TL;DR
A forced senior housing move usually gets remembered for the single event that tipped it: a fall, a death, a tax bill. The truer story is the five to ten years before, in which two or three forces were already compounding. That window is the missing middle of aging infrastructure: too late for "aging in place" support, too early for senior services, and largely uncategorized. If the field could see it, it could intervene there.
The Move Has a Name on It. The Story Does Not.
A senior move usually arrives with a single name on it. A fall. A spouse's death. A property tax bill that finally outruns a fixed income. A phone call from a worried daughter. Whichever one tips the decision is the one that gets remembered, recorded, and cited. The story that gets told is the story of the day the move happened.
But what if that is not actually the story?
The more interesting question, the one this paper exists to ask, is what was happening in the five or ten years before. The years in which two or three forces were already pressing. The years in which the move was being made gradually, before anyone had a name for what was happening. The day the move arrived may have been the visible step at the end of a much longer process no one was tracking.
The day a single force tips the decision, two or three others have usually been pressing for years. But the stack is what we are not yet measuring.
Why This Question Matters
If a pre-transition window of compounding vulnerability exists for older adults, three things follow that the field may not yet be acting on.
- We may be measuring housing transitions too late. Most data on senior moves captures the move itself. The intervention point may be years earlier, in a phase we do not currently know how to measure.
- We may be investing in crisis response instead of prevention. Shelter beds, assisted living, and skilled nursing sit downstream of the window. The most cost-effective interventions may sit upstream and currently uncategorized.

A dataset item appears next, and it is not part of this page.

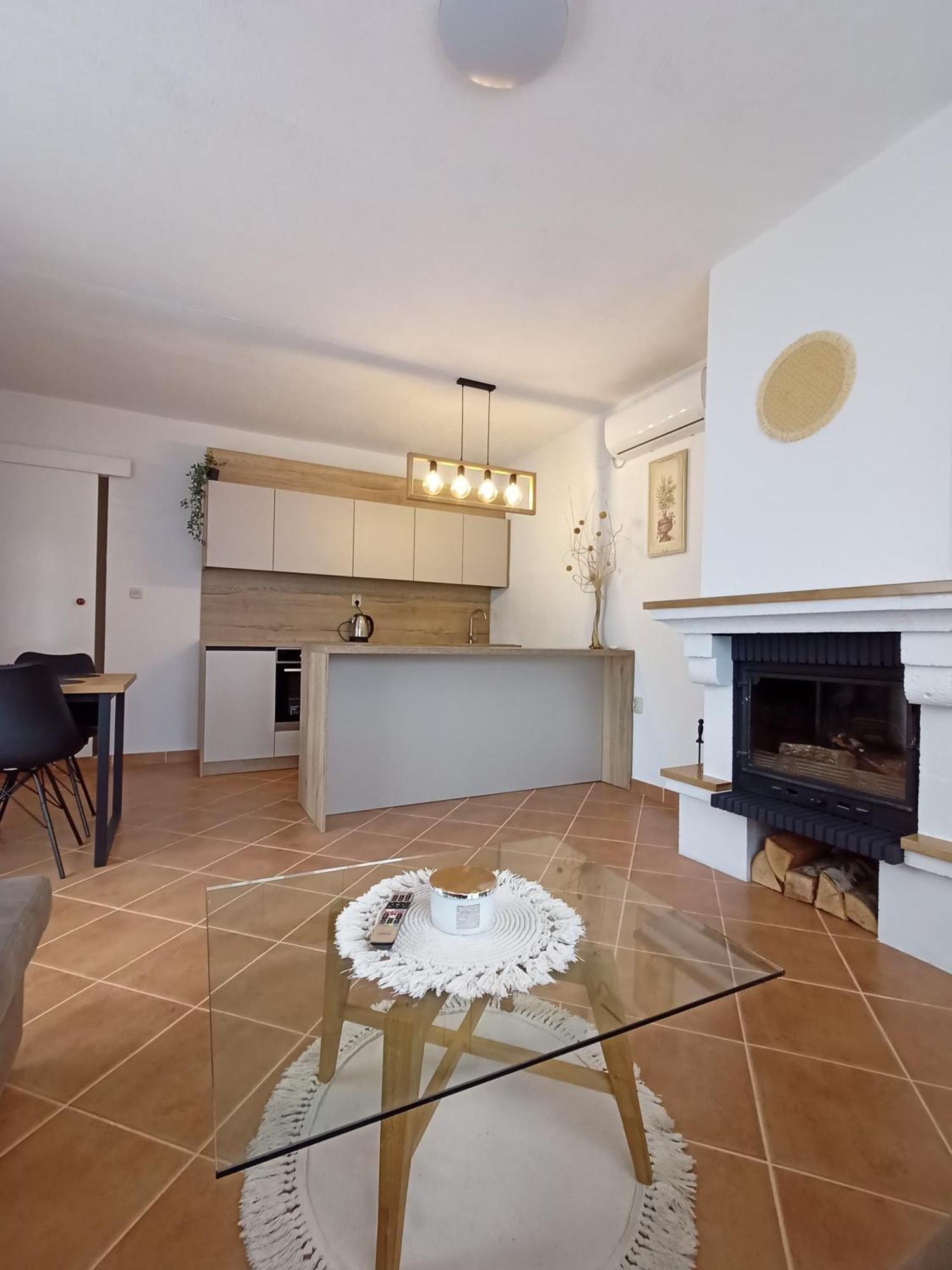 Village Apartment Zagvozd Екстериор снимка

- We may be missing the smallest, cheapest opportunities to help older adults stay stable. Property-tax deferral, home modification, caregiver coordination, and shared living arrangements may matter more than their size suggests, because they intercept the cascade earlier.

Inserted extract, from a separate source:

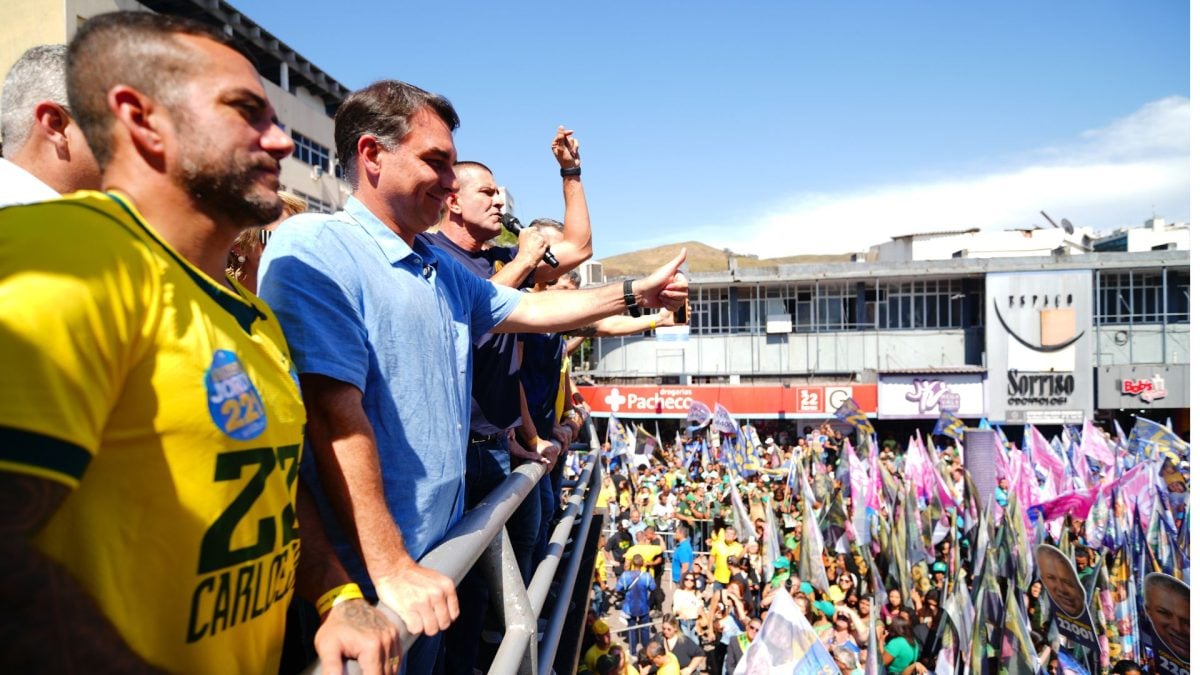 Flávio Bolsonaro atribui endividamento das famílias ao governo Lula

These are claims worth testing. None of them is currently being tested as a category.
Catalysts We Study One at a Time
Five drivers recur across the research on why older adults leave their homes: affordability, health, lifestyle, family or caregiver pressure, and isolation. Each has a strong literature. AARP's 2024 Home and Community Preferences Survey found affordability dominating expected reasons for relocation among adults age fifty and older. The Joint Center for Housing Studies reported cost burden among Americans age sixty-five and older rising from 24.2 percent in 2019 to 27.6 percent in 2023. A 2024 study in Housing Studies found widows significantly more likely than widowers to move within the years following a partner's death. The U.S. Surgeon General has called loneliness a public health risk on par with smoking.
Each of these findings sits in a different field. Housing economists study affordability. Geriatricians study health. Family-systems researchers study caregiver dynamics. Public health studies isolation. The result is strong data on each force separately and very little on how they compound.

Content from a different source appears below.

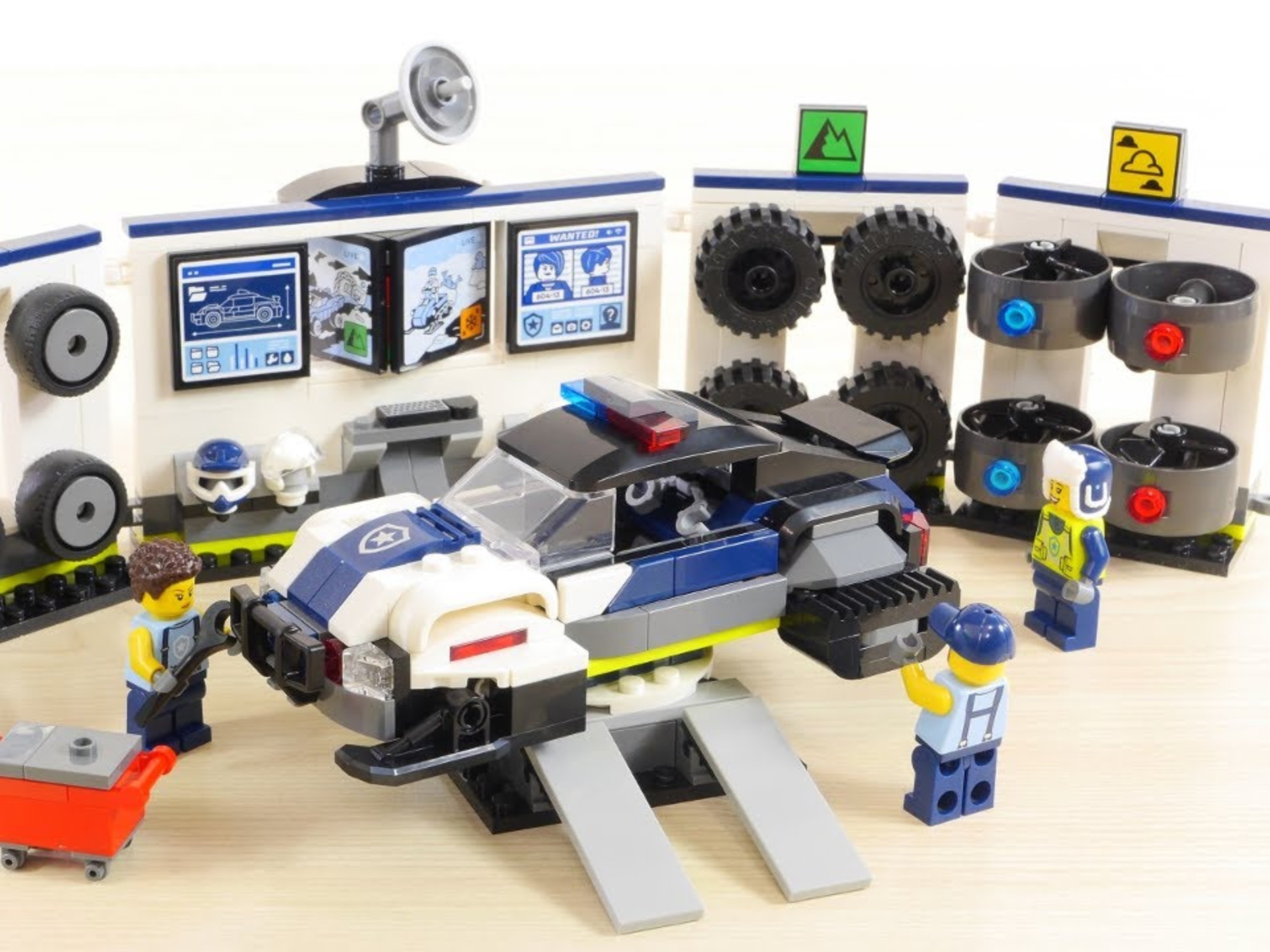 乐高60457城市系列定制警车车库快速搭建及评测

Compounding may be the part that matters. A health event may accelerate an affordability problem that was already building. A spouse's death may expose an isolation that was already present and remove the income that was already inadequate. The day a single force tips the decision, two or three others have usually been pressing for years. But the stack is what we are not yet measuring.
The Missing Middle of Aging Infrastructure
Aging services has a continuum that is well understood within it: aging in place, independent senior living, assisted living, memory care, skilled nursing. Each step has a payer model, a regulatory framework, a research literature, and a category of professional attention.
The years before the first move have none of these.
These numbers do not look like sudden bad choices. They look like five-to-ten-year cascades that were not caught.
This may be the missing middle of aging infrastructure. Missing as a category of attention, because no system is designed to see a senior who is still independent and still housed but accumulating catalysts. Missing as a category of intervention, because the relevant supports already exist in pieces, spread across housing, aging, public health, caregiving, and community systems, and have rarely been studied as one space.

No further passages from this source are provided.